Day 8 – New Year’s Day
The first thing on our agenda for New Year’s Day was tracking down the life-sized Gundam on Odaiba. OK it wasn’t literally the first thing on our agenda. The literal first thing was that we hung out in the Starbucks of the Tsutaya that overlooks Shibuya crossing. Most people know it for the giant video screen facing the crossing (the one Scarlett Johanssen looked up at as a 3D dinosaur walked across it). It’s usually packed to the nines with people, but not New Year’s Day. After having our requisite morning coffee and touristy pictures, we continued onwards back to Odaiba. I wasn’t sure exactly where the Gundam was located. It was being set up in front of a new complex on the island, so I had to cross-reference some Google Maps and pictures taken of it on blogs. It took us a bit of exploration, but we managed to locate it facing the expansive central park. I have to say, no picture does the thing justice. The thing should be considered a work of art. They should’ve sent a poet. We bummed around the island a bit, took a trek over to the Tokyo Big Site (I was here once for a trade show at a prior job), then took the Yurikamome back into Tokyo.

Next up was to track down a place we only knew as “Ice Cream City”. A friend of mine didn’t believe me when I said that there existed weird ice cream flavors, like squid, durian, chicken, etc. And I was intent on proving they did. We headed to Ikebukuro to a department store complex called Sunshine City, where Ice Cream City was supposedly. It turns out it’s actually inside of a mini-amusement park inside the complex called Namja Town. Once we found Ice Cream City though…wow, jackpot. They had hundreds of weird and questionable flavors. My cousin and I decided that we’d choose one each, then a reward flavor. I went with octopus, and she went with chicken wing, with a nice tiramisu flavor to wash away the nastiness. And damn was it nasty. It started off well enough; vanilla flavored and not too bad. Then you start hitting the bits of chopped octopus; and as you make your way down the little ice cream cup, it gets smellier and smellier. The chicken was no better, as you would be chewing on bits of cartilage. Pew. The tiramisu at least was awesome.
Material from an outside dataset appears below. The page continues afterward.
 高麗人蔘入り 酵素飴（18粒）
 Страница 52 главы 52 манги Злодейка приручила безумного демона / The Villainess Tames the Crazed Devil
After that we grabbed katsu for dinner, wandered about Ikebukuro, then Shinjuku, then back to Shibuya.


Day 9
Last days of trips always make me sad. I still had a list of things requested of me by my sister. The day went about as follows; we traveled to numerous districts for touristy wares, but shopping was all in all a bust as all the stores I intended to hit up were closed. We took in some more sites, grabbed one last sushi dinner, then retired back to Shibuya. I was flying out the next day and my cousin stuck around Tokyo for another few days before heading back to Kyoto. This was my longest trip in Japan (not counting the summer program), and sigh…it was amazing. And the time-lapse I made for the presentation was really the only souvenir I needed.